西洋にも、日本に負けないほど深く、そして長い「夢占い」の歴史があります。ただ、西洋における夢占いは、時代によって「神の託宣(預言)」から「悪魔の誘惑」、そして「深層心理の暗号」へと、その位置づけがダイナミックに変化してきたのが最大の特徴です。
西洋の夢占いの歴史と、そのアプローチの変遷をいくつかご紹介します。
1. 古代:聖書の世界と「神からの暗号」
古代の西洋(および中近東)において、夢は日本と同じく「神や超自然的な存在からのメッセージ」でした。
特に有名なのが、旧約聖書に登場するヨセフの夢解きです。

エジプト王(ファラオ)の夢を解き明かすヨセフ. Source: duncan1890 / Getty Images
【ファラオが見た「7頭の牛」の夢】
エジプトの王(ファラオ)が、「ナイル川から上がってきた美しい7頭の肥えた牛を、後から上がってきた醜い7頭の痩せた牛が食べてしまう」という奇妙な夢を見ました。
誰もこれを解き明かせない中、奴隷の身分だったヨセフが夢枕の意図をこう占いました。
「肥えた牛は『7年間の大豊作』、痩せた牛は『その後に来る7年間の大飢饉』を表しています。今すぐ対策を!」
この夢占いのおかげでエジプトは飢饉を生き延び、ヨセフは一躍、国の最高大臣に登り詰めました。

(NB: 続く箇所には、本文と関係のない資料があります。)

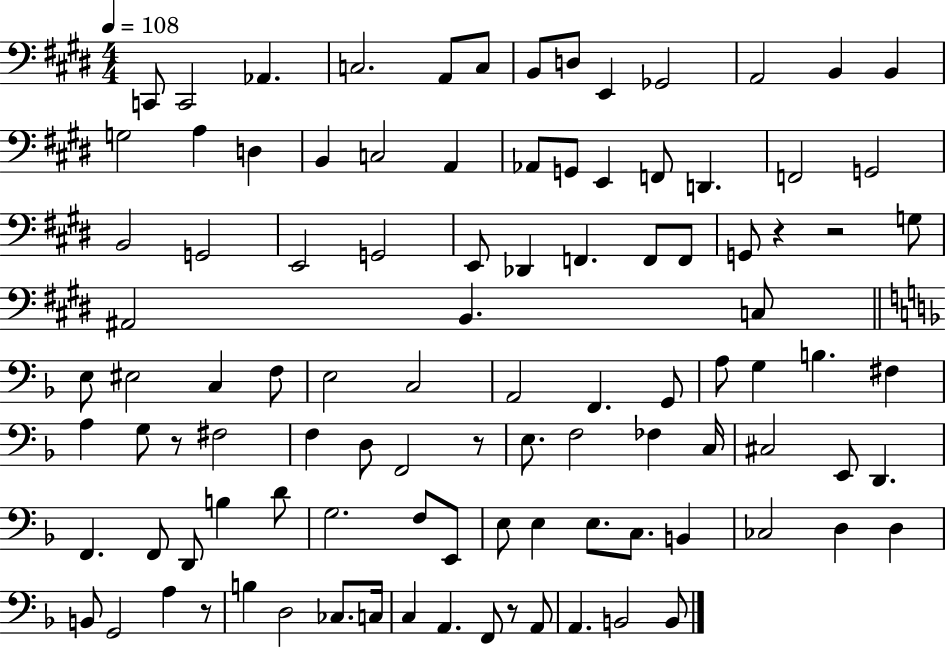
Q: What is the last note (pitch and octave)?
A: B2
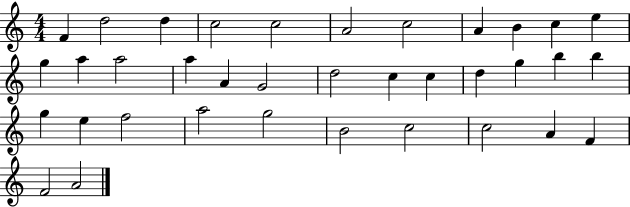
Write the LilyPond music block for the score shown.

{
  \clef treble
  \numericTimeSignature
  \time 4/4
  \key c \major
  f'4 d''2 d''4 | c''2 c''2 | a'2 c''2 | a'4 b'4 c''4 e''4 | \break g''4 a''4 a''2 | a''4 a'4 g'2 | d''2 c''4 c''4 | d''4 g''4 b''4 b''4 | \break g''4 e''4 f''2 | a''2 g''2 | b'2 c''2 | c''2 a'4 f'4 | \break f'2 a'2 | \bar "|."
}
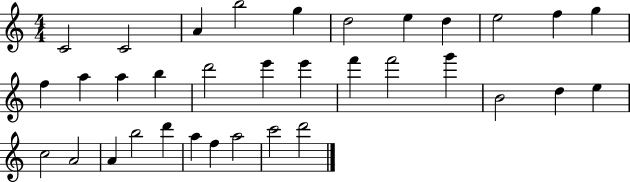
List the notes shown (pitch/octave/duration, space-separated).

C4/h C4/h A4/q B5/h G5/q D5/h E5/q D5/q E5/h F5/q G5/q F5/q A5/q A5/q B5/q D6/h E6/q E6/q F6/q F6/h G6/q B4/h D5/q E5/q C5/h A4/h A4/q B5/h D6/q A5/q F5/q A5/h C6/h D6/h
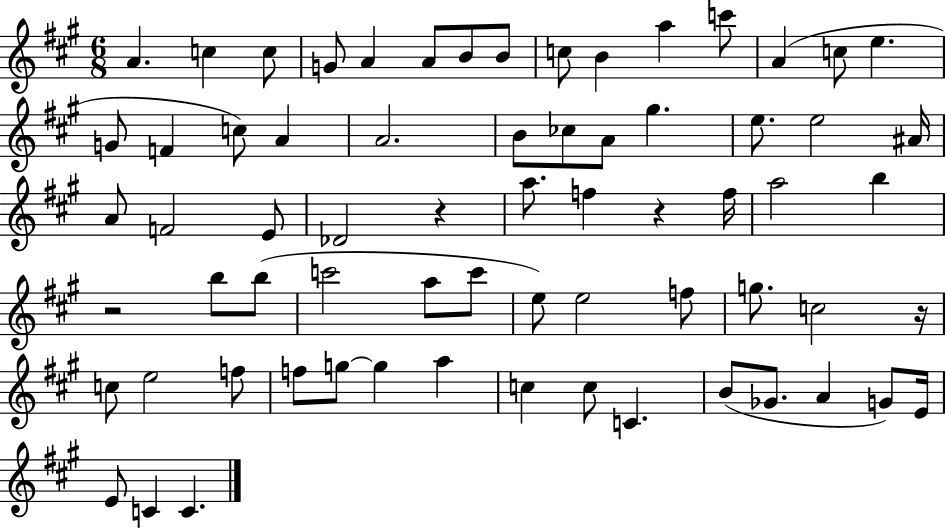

このように、古代の西洋では「夢に現れたシンボル(牛=豊作/飢饉)」を読み解くことが、国家の運命を左右する重要な政治技術でした。
2. ギリシャ・ローマ時代:世界初の「夢占いマニュアル」
2世紀の古代ギリシャには、アルテミドロスという夢占いのプロフェッショナルがいました。彼が書いた『ワンダフルな夢の解釈(原題:Oneirocritica)』は、人類史上初の本格的な夢占い事典と言われています。

<アルテミドロス『夢判断』の古版本. Source: www.nlm.nih.gov
アルテミドロスの何が凄かったかというと、彼は単にオカルトとして夢を捉えるのではなく、何千人もの人々から「どんな夢を見て、その後に何が起きたか」のデータを集めて統計を取った点です。彼の本には、現代の夢占いにも通じる以下のようなシンボルの解釈が載っています。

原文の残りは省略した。